Traditional Silviculture - An Answer to Clean Air
Sometime in the late 1990s, I was given a copy of Atlas Shrugged by Ayn Rand. At first, I wasn’t thrilled about the book because it is 1,000 pages of small text. It took about a year to get past the first 50 pages and two years to read the entire book. The book’s principle is that the government’s sole purpose is to protect us from thievery and physical harm and that regulation is an economic drain. This principle has had me question regulation’s purpose for the past 20 years. For the record, I support laws and taxes that protects human rights and thievery.

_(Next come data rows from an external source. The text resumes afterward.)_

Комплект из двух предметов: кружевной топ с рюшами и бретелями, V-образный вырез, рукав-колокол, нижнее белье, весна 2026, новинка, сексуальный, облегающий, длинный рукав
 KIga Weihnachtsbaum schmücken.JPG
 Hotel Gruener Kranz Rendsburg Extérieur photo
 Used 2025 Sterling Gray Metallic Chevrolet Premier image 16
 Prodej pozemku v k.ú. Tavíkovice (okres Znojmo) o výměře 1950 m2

Regulations are rules that are monitored by an authoritative embodiment. The first federal regulation dates back to 1897 with the Interstate Commerce Act, which created the Interstate Commerce Commission. The ICC (which was dissolved in 1995) was focused on regulating railroad rates ensuring that rebates were deemed illegal and prices were charged fairly for short hauls. This leads to the question, how effective was this regulation if there are no short lines available to us in the forest products industry anymore?
Milton Friedman, an economist, spoke out on the effect of regulations and pointed out that individuals and companies would become more accountable in our social system if consequences of misdeeds were imposed. He stated that financial accountability is more effective than regulation. A question in the context of regulation is, is tax more effective than regulation? As our industry is attacked by Wall Street in the form of carbon credit purchases, why shouldn’t we impose higher taxes on carbon emissions? If the tax is high enough, this will force carbon emission entities to invest in equipment that scrubs carbon more thoroughly before it is emitted.
Does this solve our problem of Wall Street paying landowners not to harvest timber so they can promote their ESG program at a 0 carbon level? We cannot predict that it is accurate, but it may not hurt. Additionally, should government regulate the carbon exchange system? This would be dangerous and could go against us if we don’t have the funds to go to the table to explain the benefits of sound silvicultural practices in the carbon sequestration process. However, we need to consistently be at that table to introduce our solution that silviculture is a part of the answer to clean air and that the preservation of timber is harmful to all stakeholders.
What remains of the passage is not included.